As part of the deal the association, which had been due to pay a staggering €53 million between 2015 and 2018, is reported to have received a discount of up to €12.5 million on its overall borrowings while the payments it is required to make over the next six years are set to fall by up to €20 million.
It is, as Delaney said yesterday, “a very good outcome for the association,” although it would also actually appear to be an acknowledgement by the new owners of the organisation’s’s debt that the previous repayment plan was simply unrealistic with the consortium likely to have agreed what they felt was a more sustainable repayment plan.
Few outside the association ever seemed to believe that the original repayment schedule could be met by an organisation whose revenue in 2012 dropped by roughly €6 million to €39 million despite the €11 million in exceptional payments made to it by Uefa related to that year’s European Championships. Nobody within the FAI though ever seemed to seriously question Delaney’s claim the deadline would be met.
At the 2011 AGM, held in July, he told delegates that the association's debts, put at €67 million in the previous year's accounts, were actually around €50 million at that stage. The accounts for that year subsequently put them at roughly €63 million six months later.
Debt writedown
“We’re bound by confidentiality at present in terms of what the net result of it (the debt writedown) is,” he said yesterday, “(but) at our AGM in July, we’ll present our annual accounts and will be able to talk in greater detail about it at that stage.”
In fact, it seems likely the accounts themselves will provide an indication of the timeframe over which the association must now repay its remaining debt and that this will indeed extend beyond 2020.
Delaney is adamant, however, that the association will be boosted by significant revenues that year with the 46-year-old, remarkably enough, mentioning the prospect of selling 10,000 premium level seats despite the disastrous failure of the scheme the first time around.
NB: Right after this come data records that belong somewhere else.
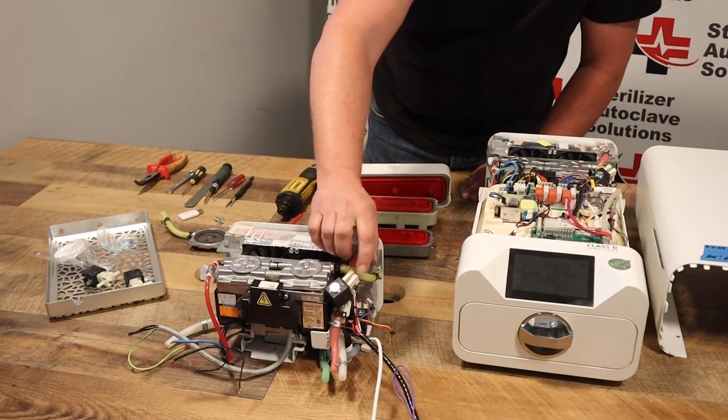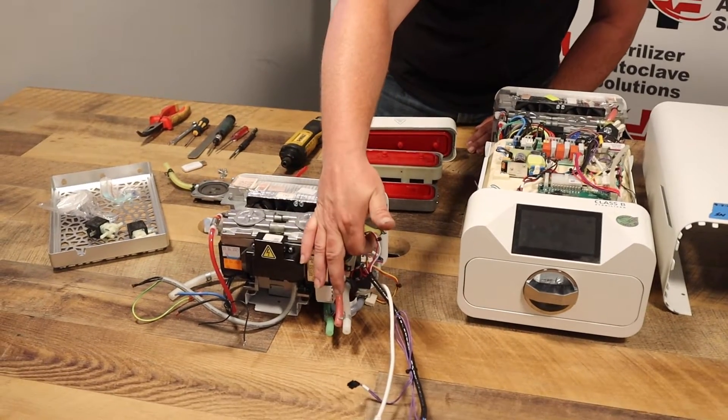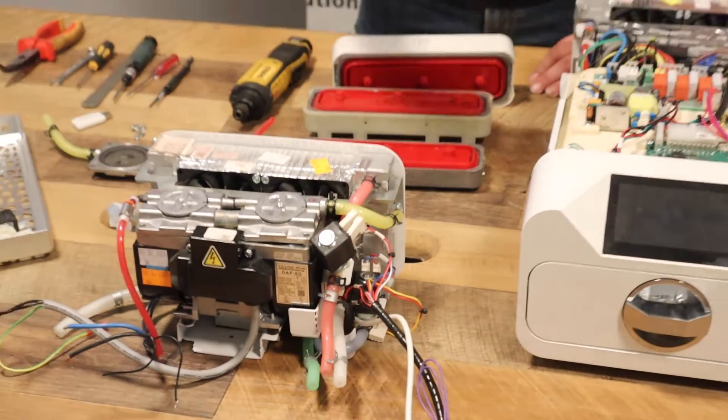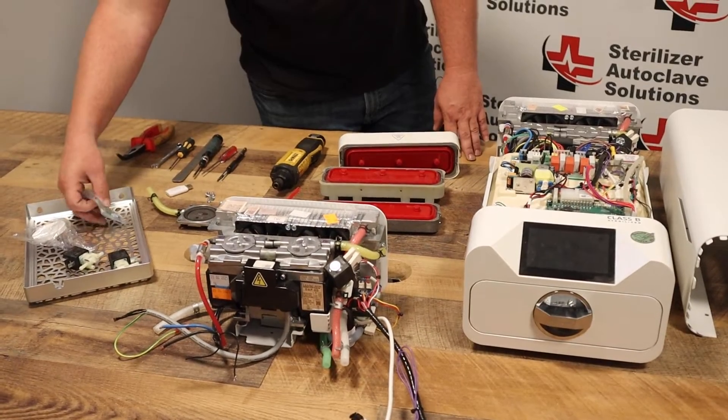When hooking these connections back up, you need to make sure that valve two is hooked and valve five is hooked in the proper direction. If you reverse them, you will have issues.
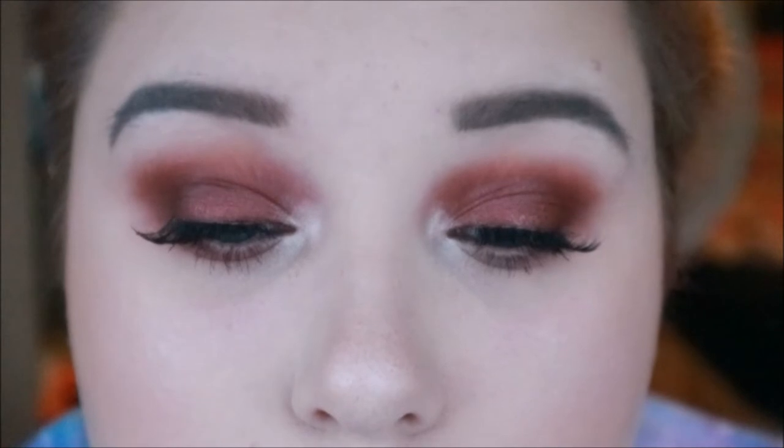Hey guys, it's Sian. In this video I'm going to be doing this look which I've based around an anti-Valentine's look.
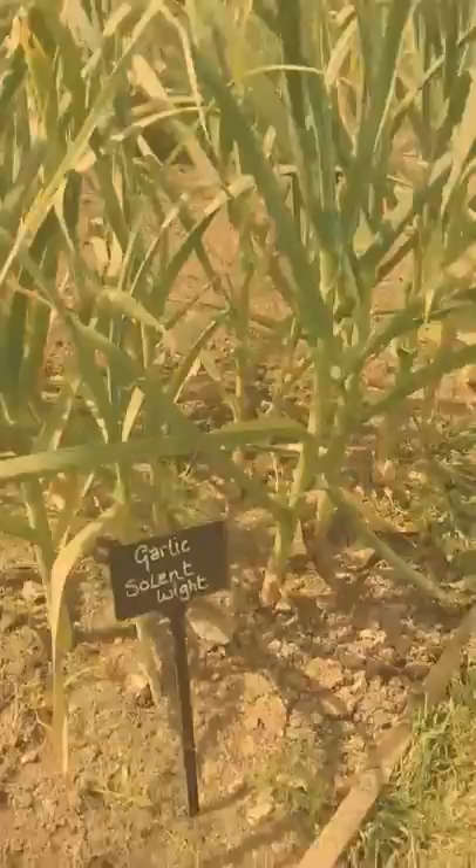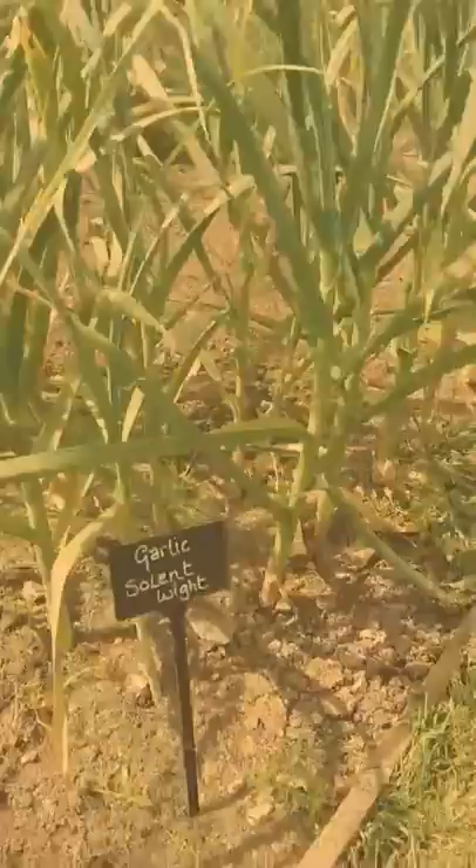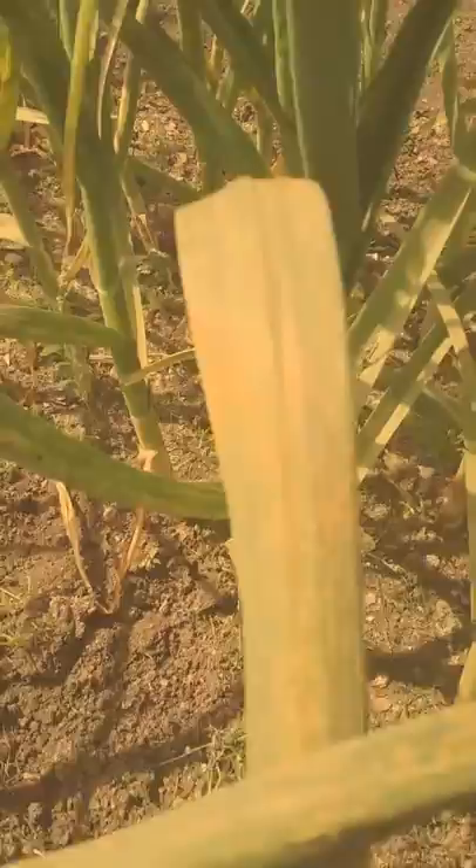So here's my garlic — Solent White — and if I zoom in a bit you can most probably see the rust, which is not something I particularly want. So I'll start with this one, and all you need to do is remove the leaves with the rust on, so chop that back.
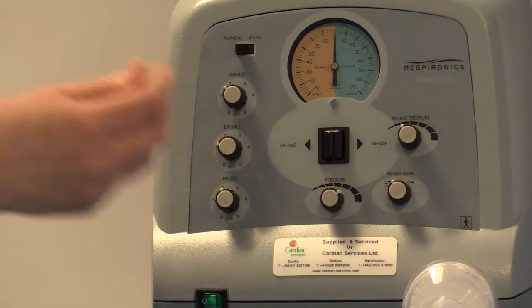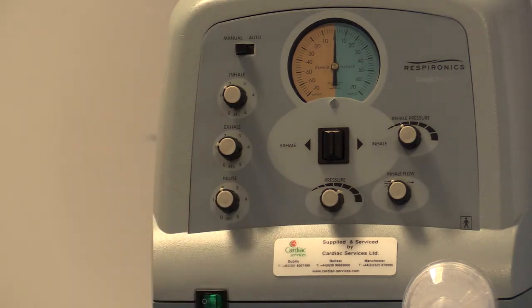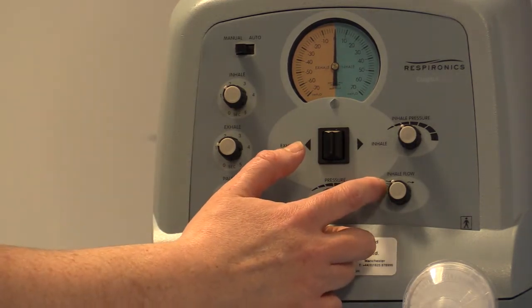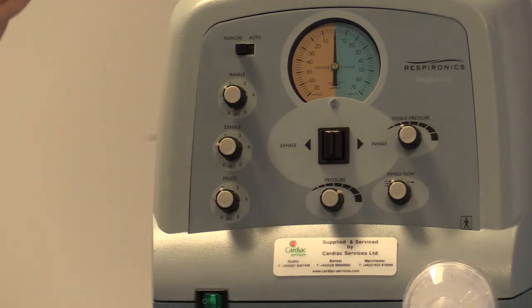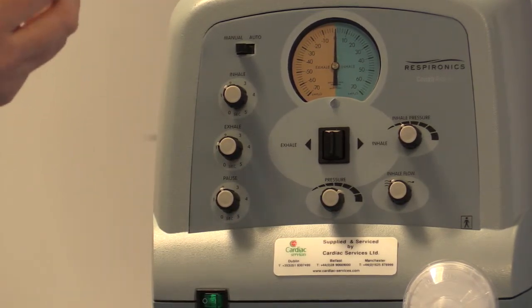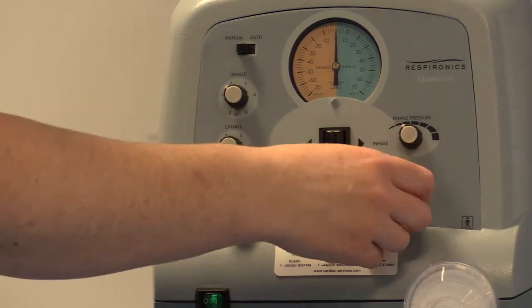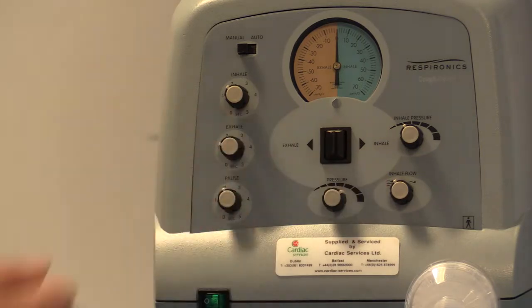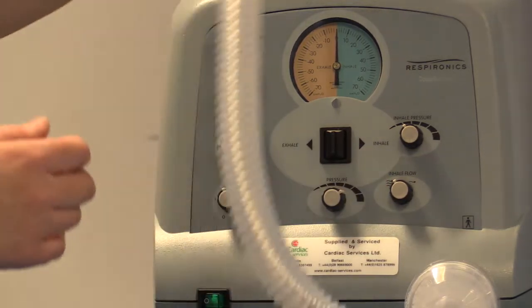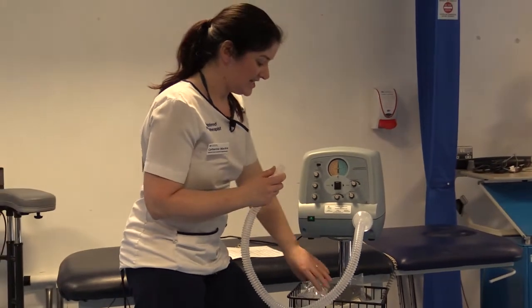If you've set your exhalation pressure at 25, then your inhalation pressure will be around 12 to 13. The next knob at the bottom is called your inhalation flow. There are three arrows on the left-hand side and one arrow on the right-hand side, which allows you to adjust your flow. It depends on the type of patient — if you're concerned about giving too much flow, such as with a pediatric or compromised elderly patient, you might want a lower flow on the right-hand side. For a higher flow, equivalent to about 10 liters, you go to the left-hand side.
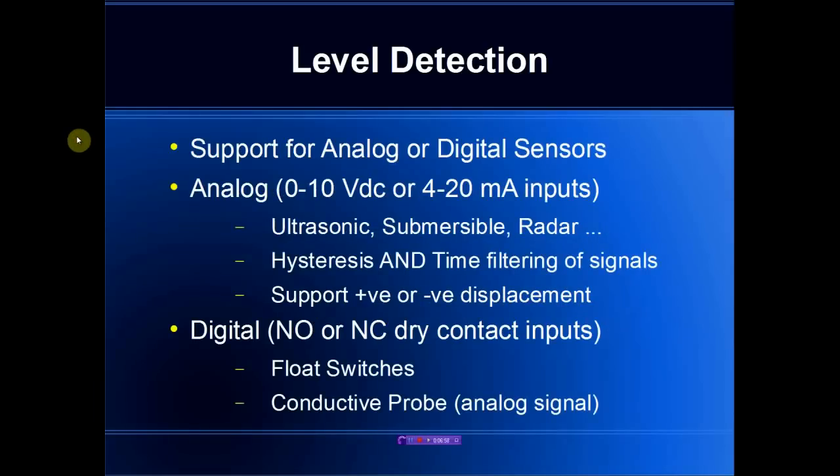We support both analog and digital sensors. For analog, we support both 0 to 10 volt and 4 to 20 milliamp inputs. We provide hysteresis and time filtering for the analog signal and we support both positive and negative displacement. If the voltage increases as the level increases, that would be considered positive displacement; if the voltage decreases as the level increases, that would be considered negative displacement.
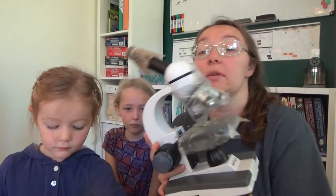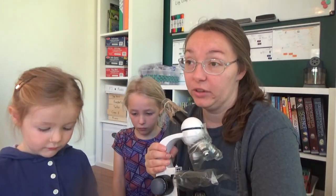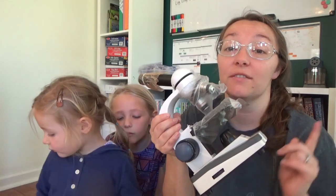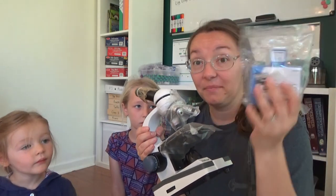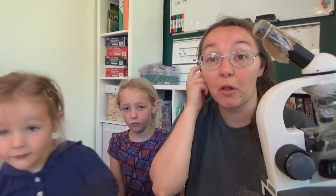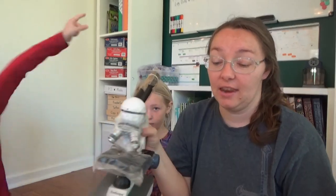We'll definitely be seeing just the intricacies of what God created in our world, and I am really excited to use this. Hopefully little hands can respect this as the piece of homeschool equipment that it is and not a toy. I'm really excited because in our science unit today we are going to go out and find flowers, put them on our slides, and look at the smaller parts of the flower under the microscope.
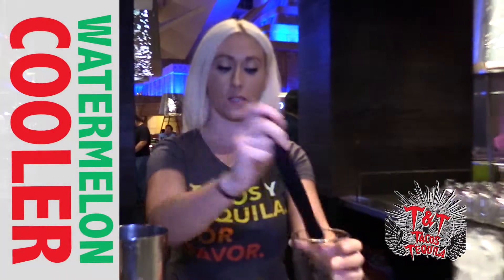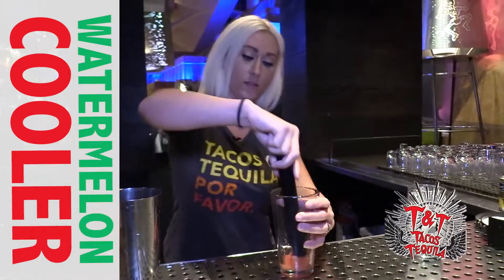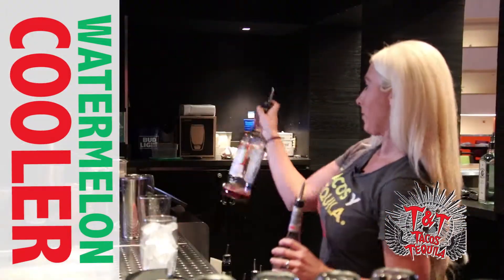This is our watermelon cooler. You're going to start by muddling fresh watermelon into the glass. We're going to add a little bit of watermelon pucker and some Aperol as well.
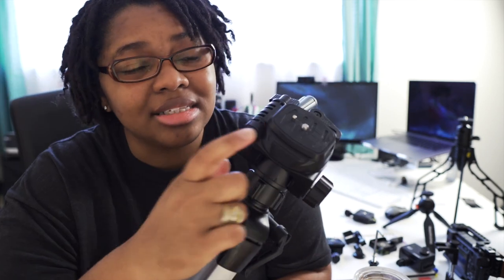In the video world we have one big problem and it starts with tripods and these little plates on top. Today I'm going to show you how to fix all that.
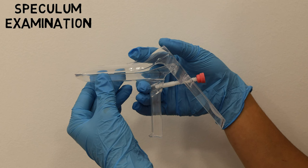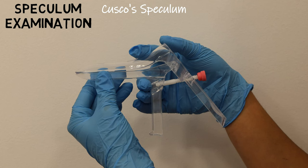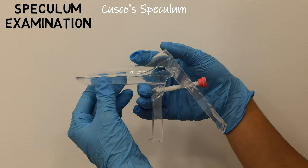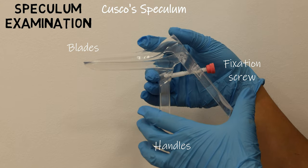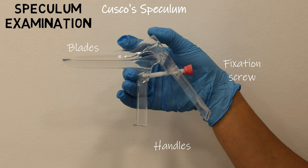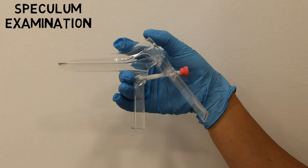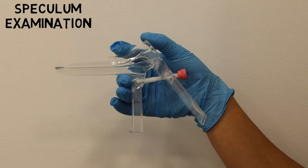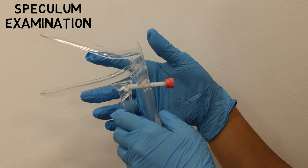Next up we have the speculum examination. This is a Cusco's speculum — here we have the blades, the fixation screw, and the handles. I like to hold the speculum with my thumb and index finger above the anterior blade and my third finger below the posterior blade. This gives me good stability and prevents the blades from opening before I want them to.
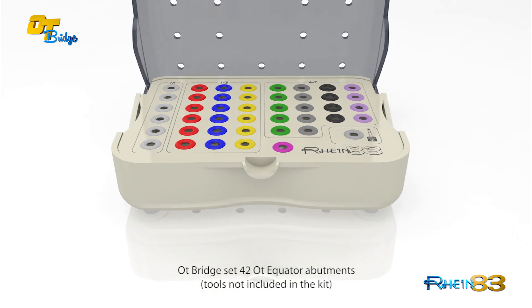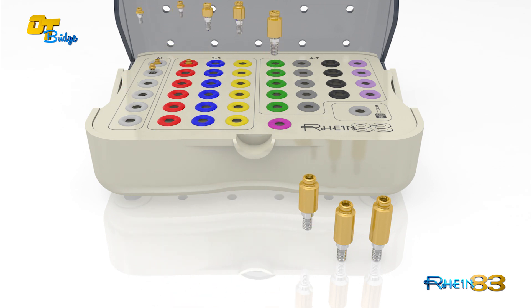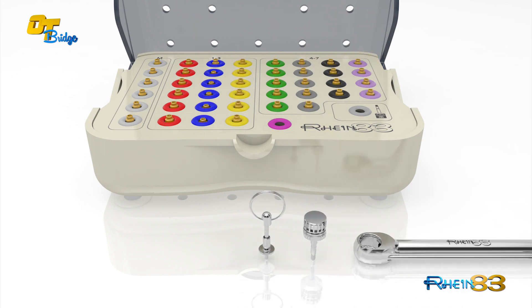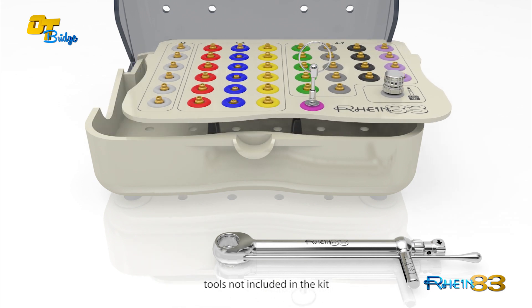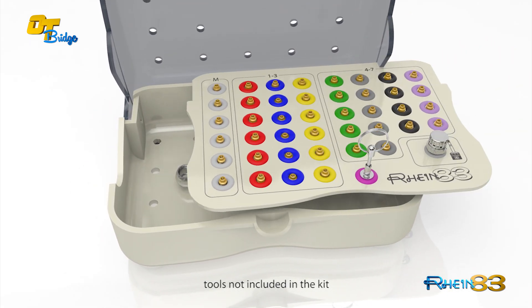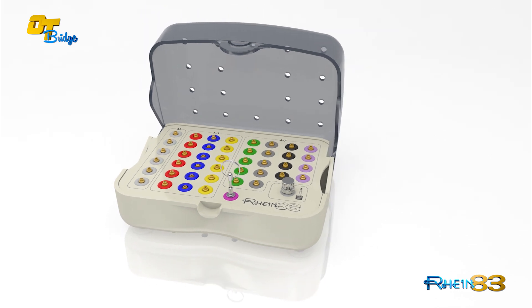The OT Bridge Clinical Set includes 42 OT Equator abutments. The dentist can select 42 OT Equator abutments of choice, customized to meet the needs of the clinic in terms of diameters, cuff heights, and connections accordingly to the implant system used. The advantage is to be prepared and operational during immediate loading or during daily chair side procedures.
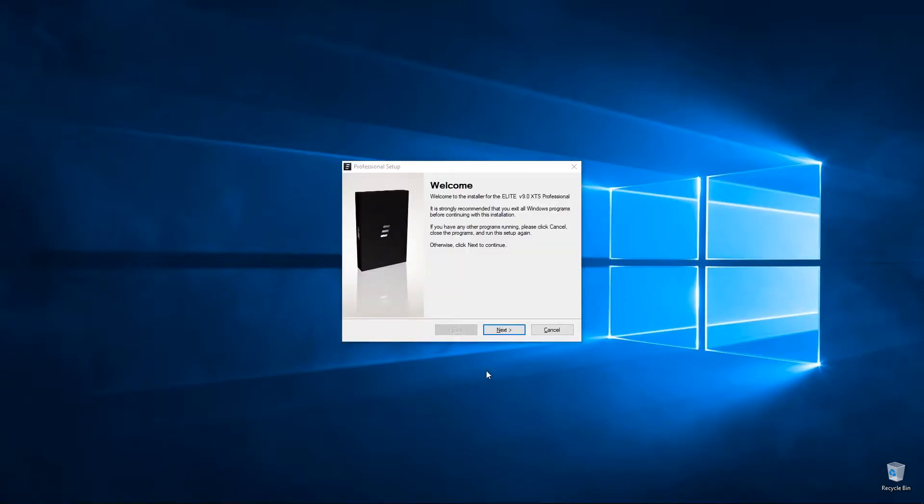Prior to installing the Elite XTS Home or Elite XTS Pro on your computer, please remove any previous versions of Elite software from this machine, including the Webu driver and the Elite device driver.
“What’s always forgotten with 2020 is that we’re selling 10,000 premium seats forward, the naming rights come up for renewal and all those types of things are up for play,” he said yesterday.
More immediately, Delaney believes the new management team of Martin O’Neill and Roy Keane can play a major part in turning around the association’s fortunes.
“Martin’s appointment has brought positivity to the game because it got a bit flat and that’s no disrespect to Giovanni Trapattoni,” he said. “The added bonus has been the appointment of Roy as his assistant because it has brought an attention to the international team outside of football.
“I was getting my hair cut before Christmas and some guy said to me that the women in here are talking about the international team so we must have cracked it. . .
“Ultimately results matter,” he concluded, “but there’s a honeymoon period here at the moment with the positivity.”